Pfizer (PFE): The Dow component and world's largest drug company previously announced it's mulling spinoffs for its animal health and baby formula businesses and that could mean $24 billion for shareholders in the form of dividends and share repurchases according to Forbes. Still, investors might clamor for Pfizer to part with its generic drugs and consumer health units as well, the Forbes piece also noted.
Alcoa (AA): The Dow component and largest U.S. aluminum maker could opt for a Marathon / ConocoPhillips-esque spinoff. Alcoa is an integrated aluminum maker and unlocking its equivalent of a downstream business could create value for investors in the words of one analyst quoted by Bloomberg. If that doesn't happen, Alcoa's best bet for creating shareholder value may be another company buying the company. Rio Tinto (RIO) has been mentioned in the past as a possible suitor.

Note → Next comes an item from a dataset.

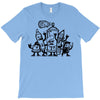 best friends T-Shirt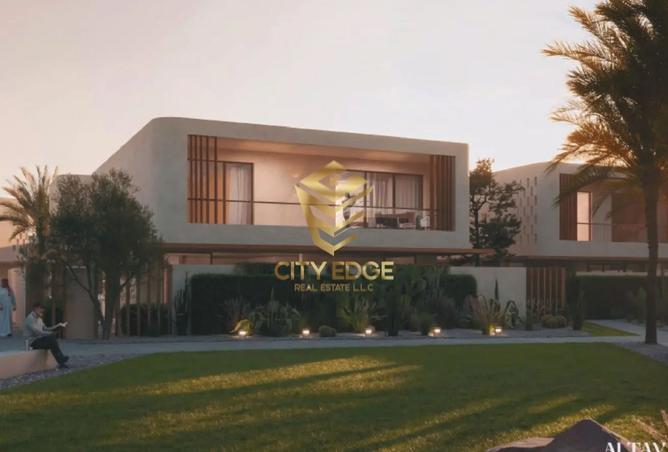 15815714 - Property Main Image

PepsiCo (PEP): There has been talk of PepsiCo splitting its Frito Lay snack business apart from the beverage business, but no final decisions have been made on that front as of yet. On the surface, the move would appear to make sense given Frito Lay's dominant position in the snack aisle. Speaking of PepsiCo spinoffs, Yum Brands (YUM) has been rumored to be mulling a spinoff of Taco Bell.
Other names in the spinoff conversation: Hewlett-Packard (HPQ) has said it won't spinoff its PC business, but the company changed its mind once about that. Some analysts have said Exxon Mobil (XOM) and Chevron (CVX) should also spinoff their downstream operations, but both companies appear committed to the integrated model, at least for the moment.
Bull case: Obviously, all of the aforementioned companies would move forward with these spinoffs, creating value for shareholders and bolstering their balance sheets in the process. BP doing so would probably help investors warm to the embattled stock, though PepsiCo might be the most legitimate candidate on our list.
Bear case: Spinoff mania dulls in 2012 and companies opt for the status quo, potentially frustrating investors along the way.